Hartshorne is primarily known for his ground-breaking work Old English Glasses, published in 1897, which became the encyclopaedic text of English 18th century drinking glass styles. The book was the first reference book on English glass and charts the history of European glass from early times – it has been credited with inspiring numerous collectors and establishing English glass collecting as we know it today. Many of the examples illustrated in the book came from his personal collection – much of which was briefly on display at Worthing Museum. The sale of a wide selection of the collection will take place at Bonhams almost exactly 100 years since the collector’s death. It also includes his personal annotated copy of Old English Glasses with some of the original correspondence and research (£1,000-1,500), the fruits of which have enabled him to become a household name in the history of glass.

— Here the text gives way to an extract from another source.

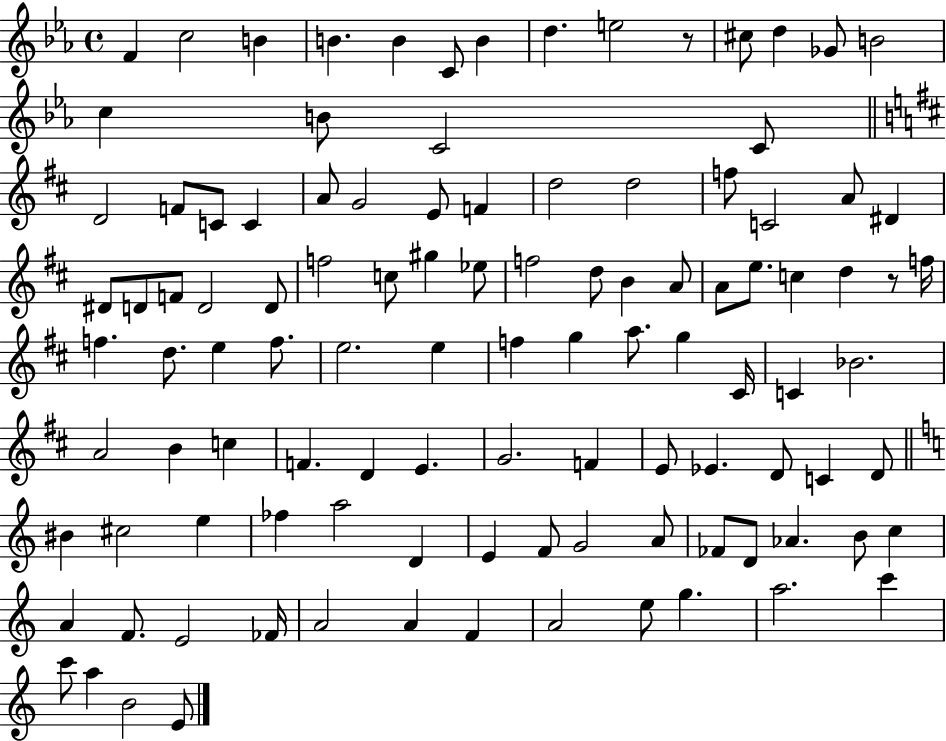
F4/q C5/h B4/q B4/q. B4/q C4/e B4/q D5/q. E5/h R/e C#5/e D5/q Gb4/e B4/h C5/q B4/e C4/h C4/e D4/h F4/e C4/e C4/q A4/e G4/h E4/e F4/q D5/h D5/h F5/e C4/h A4/e D#4/q D#4/e D4/e F4/e D4/h D4/e F5/h C5/e G#5/q Eb5/e F5/h D5/e B4/q A4/e A4/e E5/e. C5/q D5/q R/e F5/s F5/q. D5/e. E5/q F5/e. E5/h. E5/q F5/q G5/q A5/e. G5/q C#4/s C4/q Bb4/h. A4/h B4/q C5/q F4/q. D4/q E4/q. G4/h. F4/q E4/e Eb4/q. D4/e C4/q D4/e BIS4/q C#5/h E5/q FES5/q A5/h D4/q E4/q F4/e G4/h A4/e FES4/e D4/e Ab4/q. B4/e C5/q A4/q F4/e. E4/h FES4/s A4/h A4/q F4/q A4/h E5/e G5/q. A5/h. C6/q C6/e A5/q B4/h E4/e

The collection on offer comprises 64 lots, and includes over 50 English drinking glasses of all types with estimates ranging from £400-£10,000. Highlights include a large punch bowl and cover c.1685 (£10,000-15,000) of which similar examples can be seen in museums in Nottingham, London and Cambridge and a set of five Beilby enamelled opaque-twist wine glasses c.1765 (£8,000-12,000). A rare commemorative moulded-stem wine glass c.1715 which bears the inscription God Save King George is one of a handful of rare early pro-Hanoverian glasses probably made to celebrate the coronation of George I in 1714 and is expected to fetch £5,000-7,000. Another glass expected to cause much interest is lot 6, a rare and interesting diamond-point engraved wine glass, engraved with Mrs Walpole/June 29th, 1716 which may have been used for toasting by the Kit-Cat Club. It has attracted a pre-sale estimate of £600-800. A fine Dutch-engraved facet-stemmed Royal armorial goblet by Jacob Sang c.1765 (£6,000-8,000) is another highlight of the auction.
Perhaps for Hartshorne himself, his most prized possession was a small English pocket flask of the late 17th century bearing the trailed glass initials AH (£500-700), which is faithfully reproduced in Old English Glasses – the association between the individual pieces and the first book on English glass of the modern period makes this collection so special.

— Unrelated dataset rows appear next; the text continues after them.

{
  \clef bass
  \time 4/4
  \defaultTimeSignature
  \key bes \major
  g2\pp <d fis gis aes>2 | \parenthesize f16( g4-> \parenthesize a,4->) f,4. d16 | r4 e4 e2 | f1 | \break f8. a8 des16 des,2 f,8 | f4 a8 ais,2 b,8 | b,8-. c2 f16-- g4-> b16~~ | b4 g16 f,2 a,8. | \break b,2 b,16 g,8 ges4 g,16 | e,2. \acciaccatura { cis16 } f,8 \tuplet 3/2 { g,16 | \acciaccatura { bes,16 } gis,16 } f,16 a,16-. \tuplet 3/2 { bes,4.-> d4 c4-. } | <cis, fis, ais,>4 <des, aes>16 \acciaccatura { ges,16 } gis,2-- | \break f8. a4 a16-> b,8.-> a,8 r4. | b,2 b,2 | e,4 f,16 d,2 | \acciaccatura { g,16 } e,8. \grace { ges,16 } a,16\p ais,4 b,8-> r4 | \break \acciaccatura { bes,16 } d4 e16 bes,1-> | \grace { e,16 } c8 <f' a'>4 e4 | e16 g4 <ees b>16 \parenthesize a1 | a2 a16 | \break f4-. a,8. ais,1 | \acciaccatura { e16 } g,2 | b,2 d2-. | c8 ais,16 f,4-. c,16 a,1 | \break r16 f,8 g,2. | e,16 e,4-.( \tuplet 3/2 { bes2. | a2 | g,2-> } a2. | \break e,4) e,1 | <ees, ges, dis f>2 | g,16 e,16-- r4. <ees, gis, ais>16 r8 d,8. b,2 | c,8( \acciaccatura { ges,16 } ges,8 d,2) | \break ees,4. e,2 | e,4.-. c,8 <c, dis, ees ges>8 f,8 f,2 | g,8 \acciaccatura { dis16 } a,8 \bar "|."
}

Simon Cottle, Departmental Head of Glass and Continental Porcelain at Bonhams comments, “Albert Hartshorne’s ground-breaking work on English glass saw the birth of modern day glass collecting from the UK to the USA, establishing its importance within the field of the European decorative arts tradition. Based on the research of examples in his own collection now available to the market for the first time in 100 years, this sale presents significant iconic examples which have led to our current appreciation of 18th century drinking glasses.”